(Short descriptive text snippets)
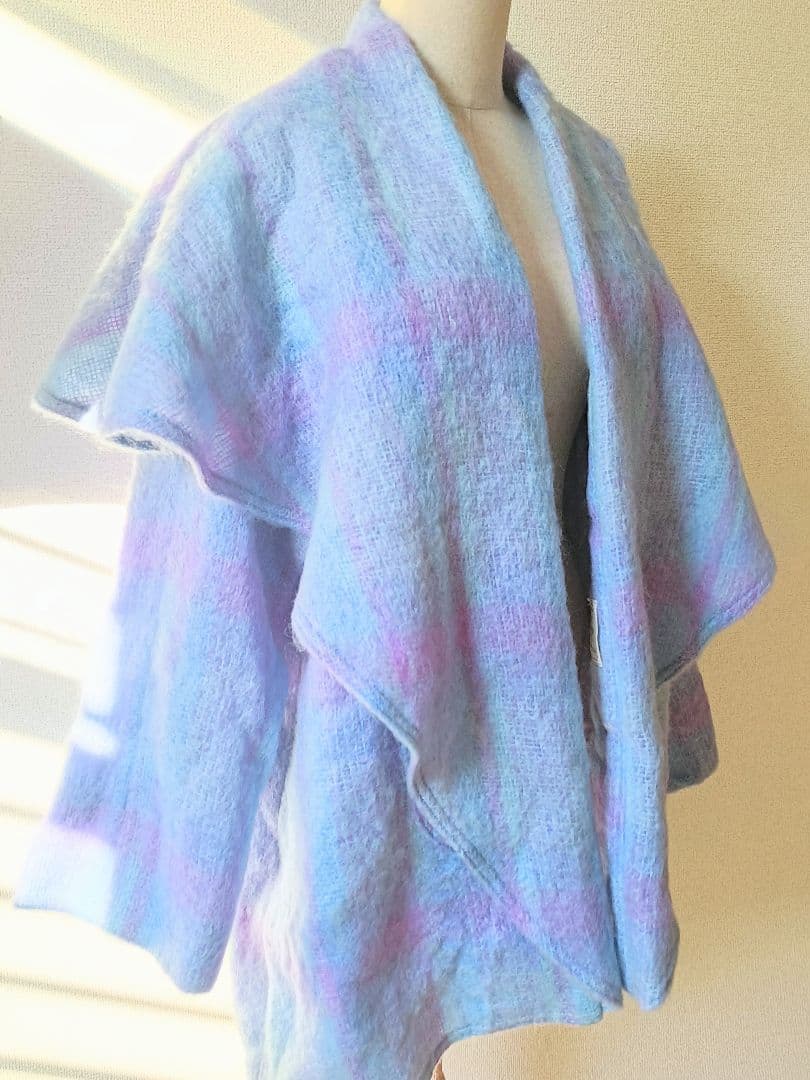 アイルランド製 モヘア混 チェック柄 ケープ風コート ヴィンテージ古着 ユーロ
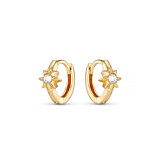 NU & MII Glitz Star Huggy Hoop Gold Plated Earrings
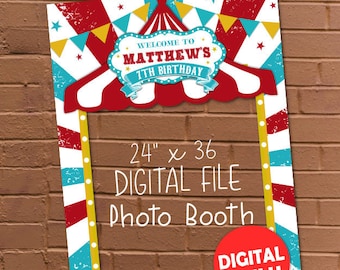 DIGITAL DOWNLOAD Carnival Theme 24" x 36"  Birthday Photo Booth Frame Digital Download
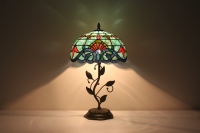 Base artistique à motif végétal pour lampe en verre teinté, en résine, E26, lumière d'ambiance, élégante, bord festonné, abat-jour floral bleu, décorative pour bureau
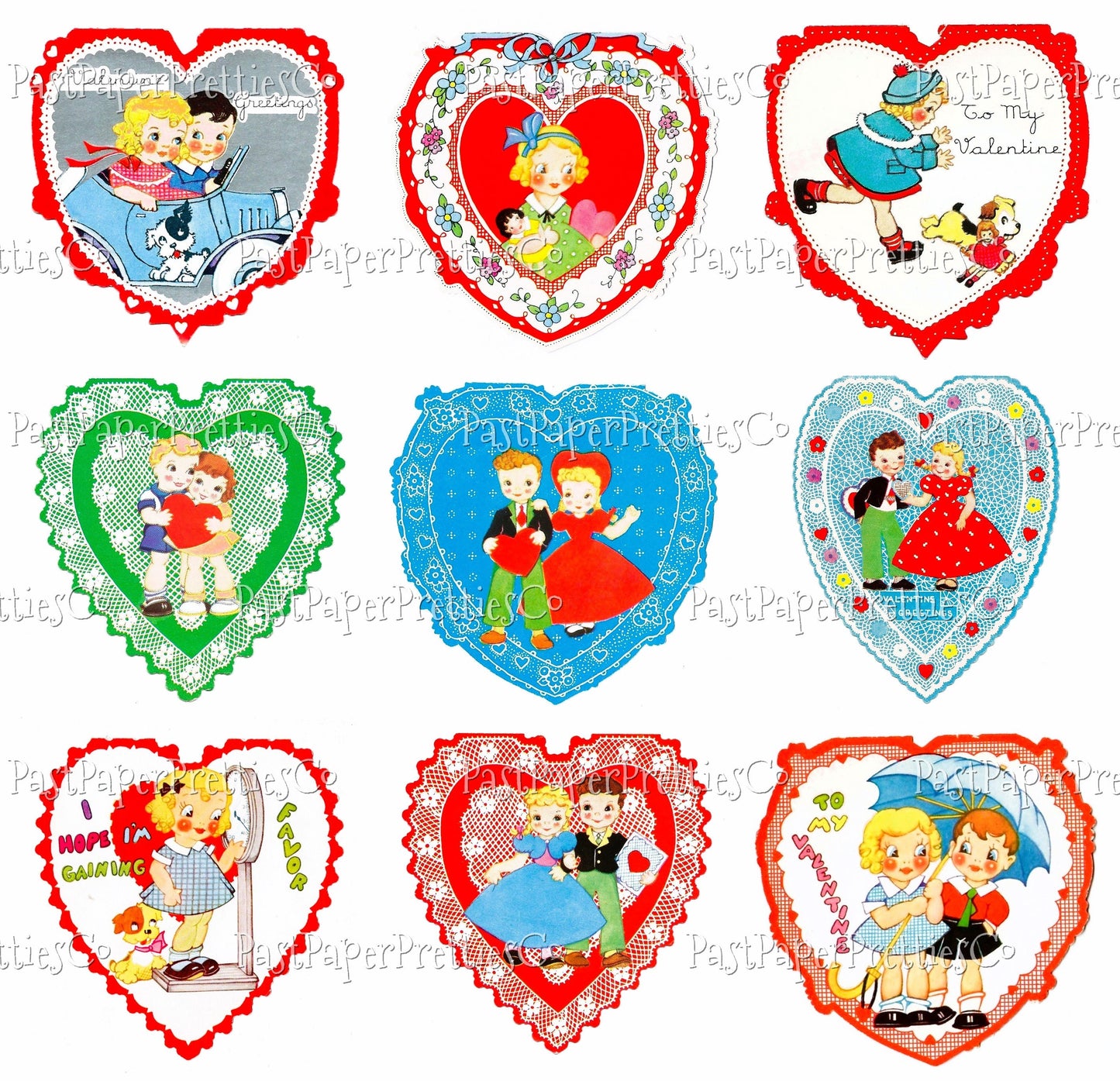 18 Vintage Printable Valentine Cards Big Eyed Kids Doily Collage and Single Images PDF Instant Digital Download Hearts & Squares JPEG PNG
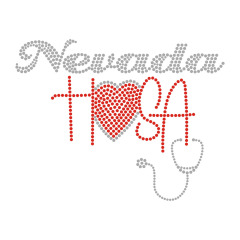 Rhinestone Transfer Hotfix Love Designs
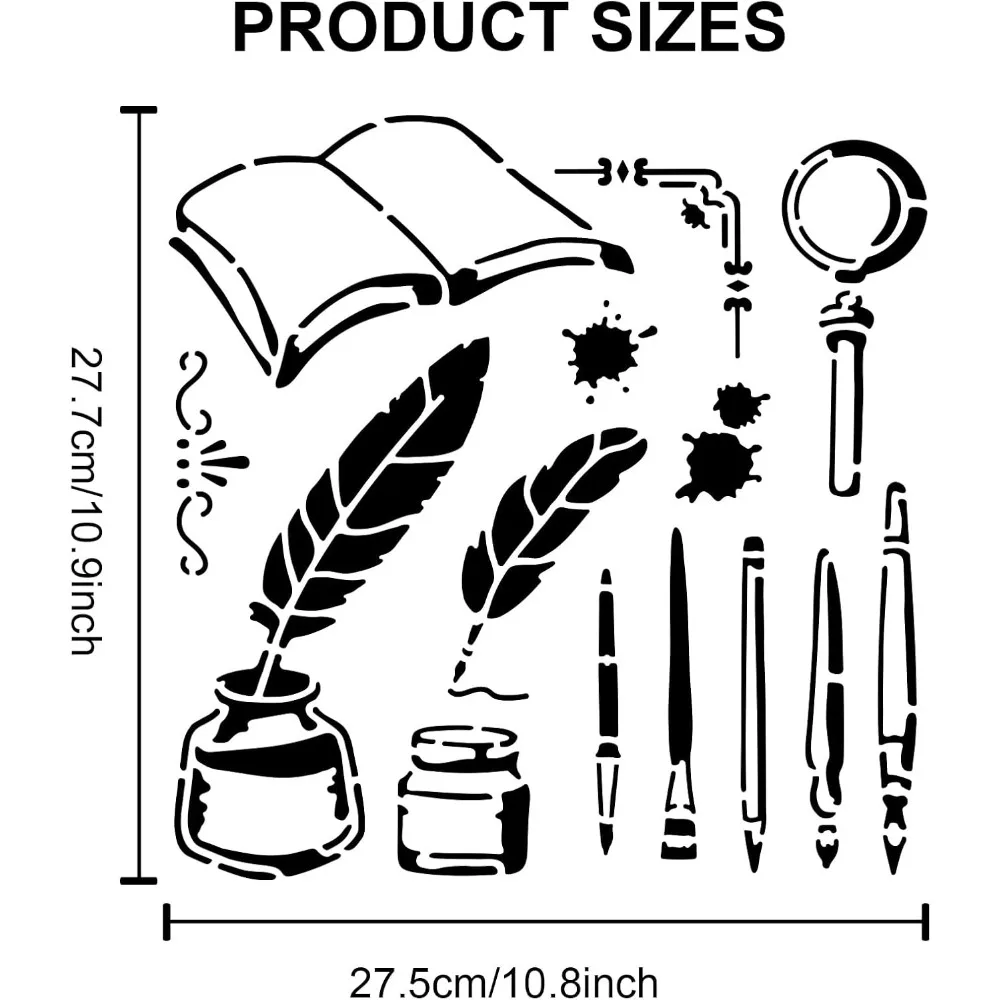 1Pc PET Hollow Out Drawing Painting Stencils with 1Pc Art Paint Brushes for DIY Scrapbook Photo Album Study Supplies Pattern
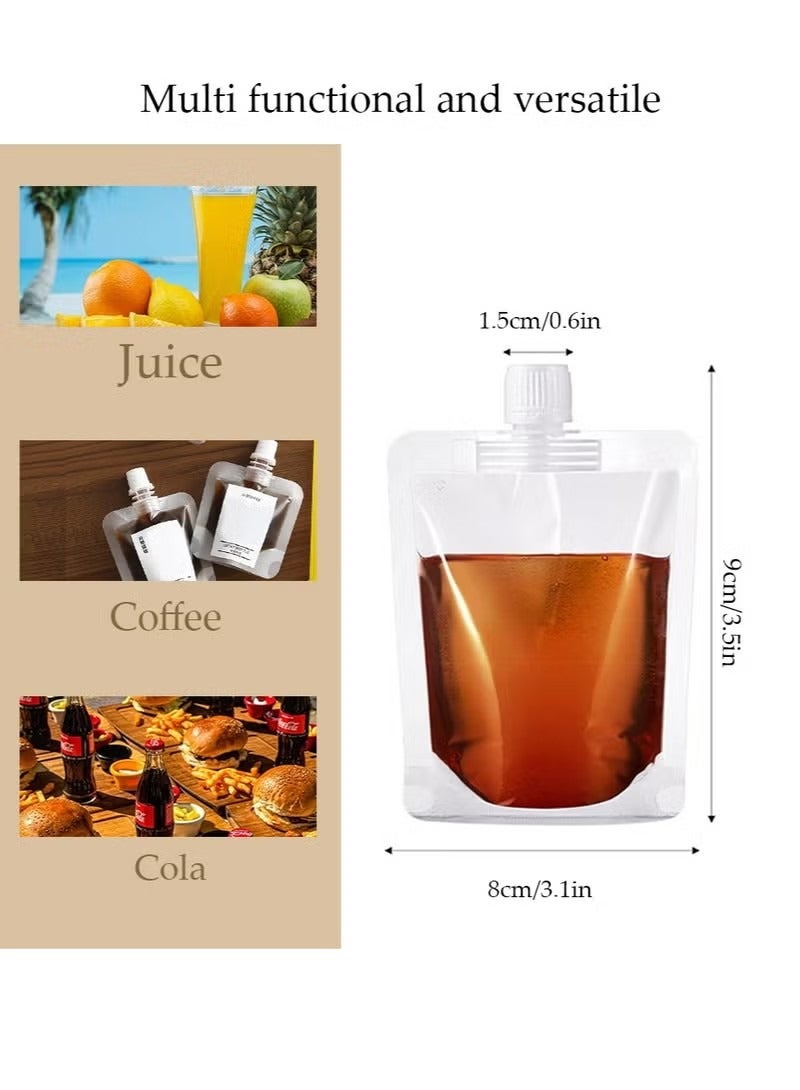 SYOSI 50 PCS PE Coffee Liquid Pouch,Disposable Coffee Liquid Packaging Bag,Flask Kit Clear Drink Pouches,Convenient Drinking Water Bags Leak Proof PE Drinking for Travel Outdoor Sports Concerts Events  - Image 2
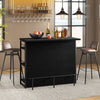 Industrial Wine Bar Cabinet Kitchen Storage Sideboard W/ Wine Rack Glass Holders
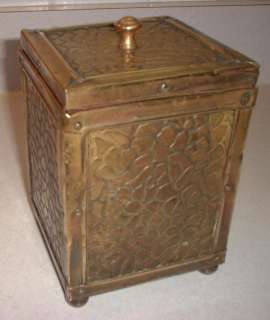 Vintage English Brass Repousse Lead Lined Tea Box  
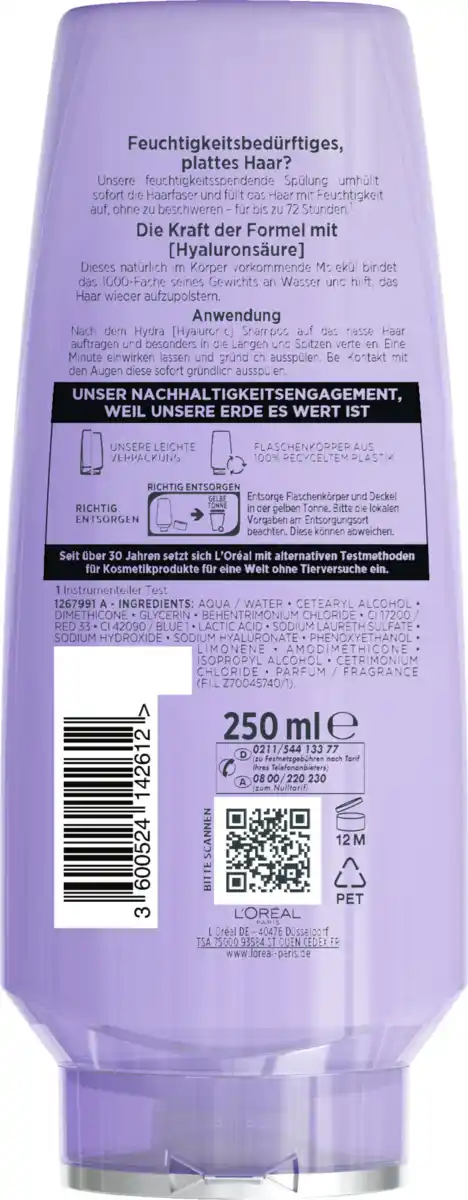 Bild 2 von L’Oréal Paris Elvital Hydra Hyaluronic 72H Feuchtigkeits-Versiegelnde Spülung, 250 ml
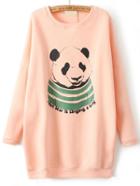 Romwe Panda Print Loose Pink Sweatshirt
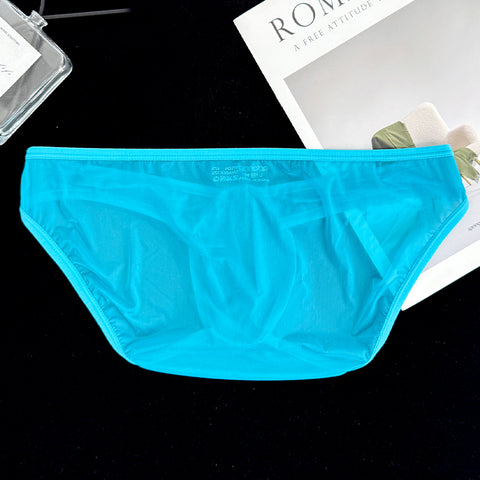 Breathable Mesh Transparent Pouch Men's Low-Rise Briefs - Comfortable High-Cut Underwear for Active Wear & Sports (Separate Pouch Design)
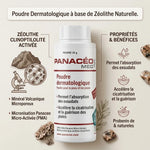 Poudre dermatologique Panacéo 30g à base de zéolithe volcanique naturelle pour cicatrisation
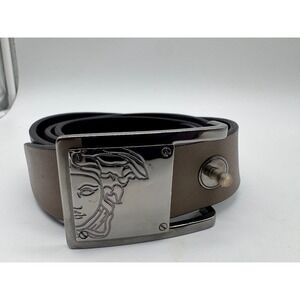 Versace Collection Mens Taupe Leather Medusa Buckle Belt Made in Italy Size 38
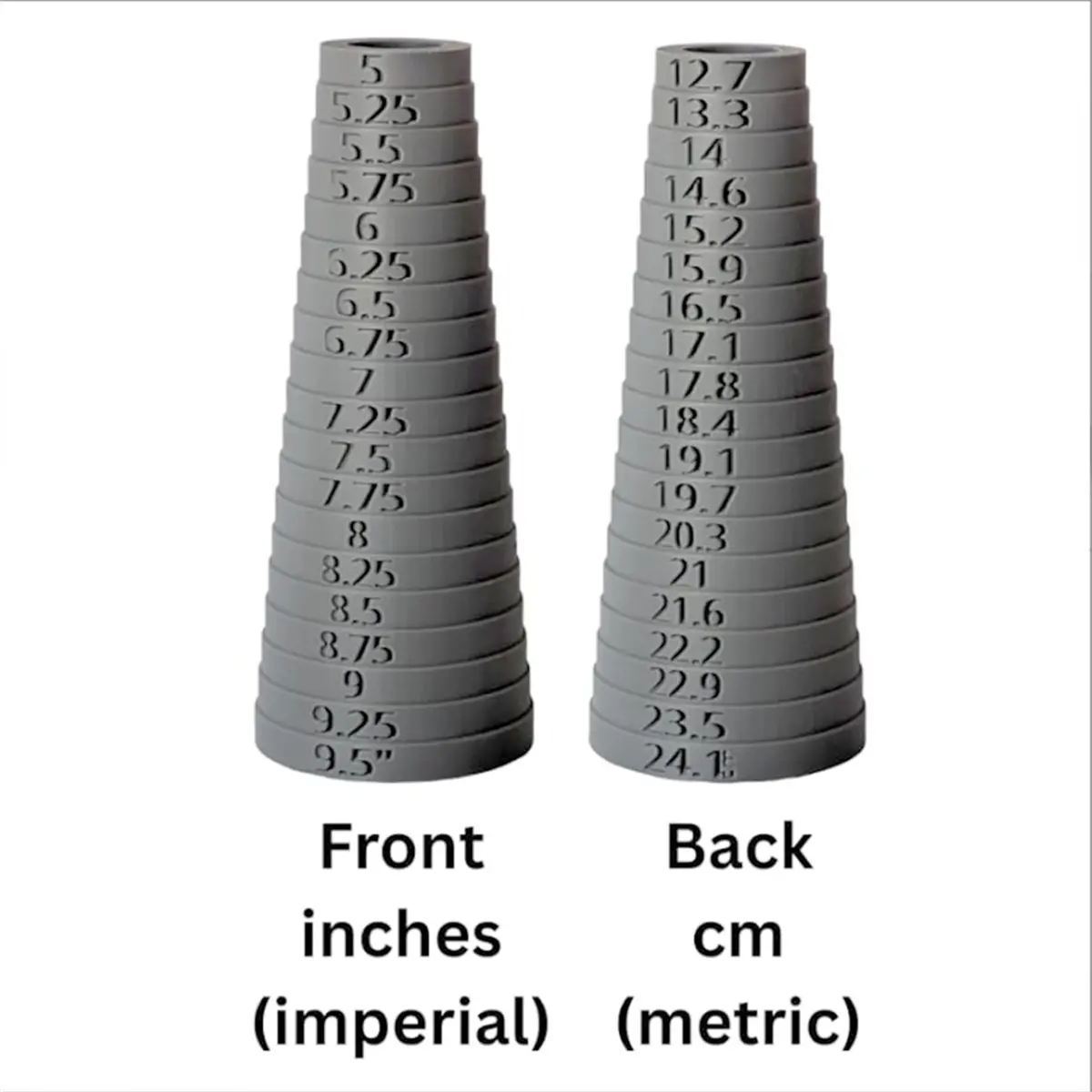 Bracelet Sizer Mandrel Round Quarter Sizes, Round Stepped Jewelry Measuring Tool, Quarter-Size Increments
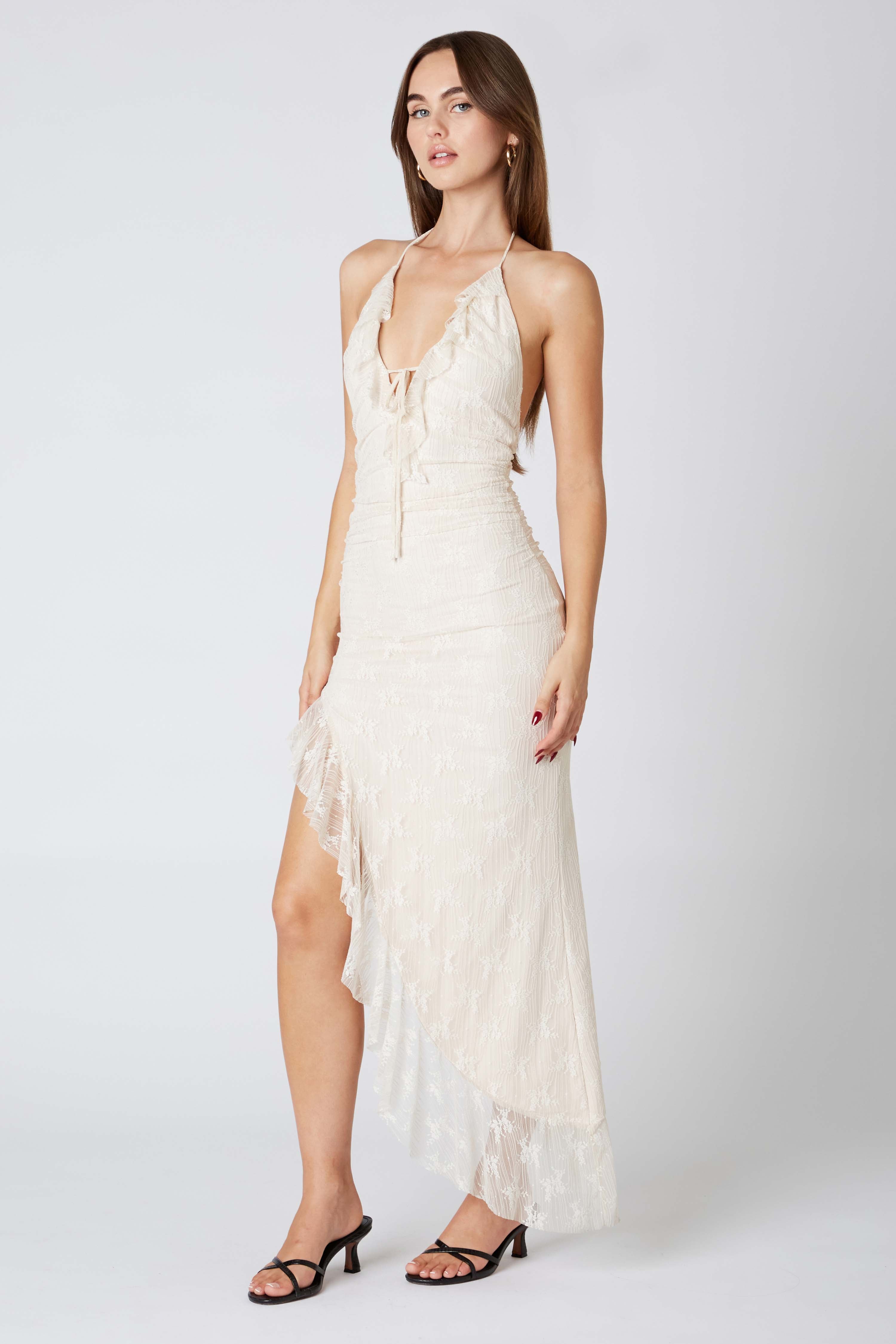 Lace Halter Asymmetrical Midi Dress in Latte Side View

**Exercise requirements**
Both the line above containing "DIGITAL DOWNLOAD Carnival" and the line containing "SYOSI 50 PCS" belong in the copy, along with every line between them; print these exactly and omit the pictures.

**Response to the exercise**
 DIGITAL DOWNLOAD Carnival Theme 24" x 36"  Birthday Photo Booth Frame Digital Download
 Base artistique à motif végétal pour lampe en verre teinté, en résine, E26, lumière d'ambiance, élégante, bord festonné, abat-jour floral bleu, décorative pour bureau
 18 Vintage Printable Valentine Cards Big Eyed Kids Doily Collage and Single Images PDF Instant Digital Download Hearts & Squares JPEG PNG
 Rhinestone Transfer Hotfix Love Designs
 1Pc PET Hollow Out Drawing Painting Stencils with 1Pc Art Paint Brushes for DIY Scrapbook Photo Album Study Supplies Pattern
 SYOSI 50 PCS PE Coffee Liquid Pouch,Disposable Coffee Liquid Packaging Bag,Flask Kit Clear Drink Pouches,Convenient Drinking Water Bags Leak Proof PE Drinking for Travel Outdoor Sports Concerts Events  - Image 2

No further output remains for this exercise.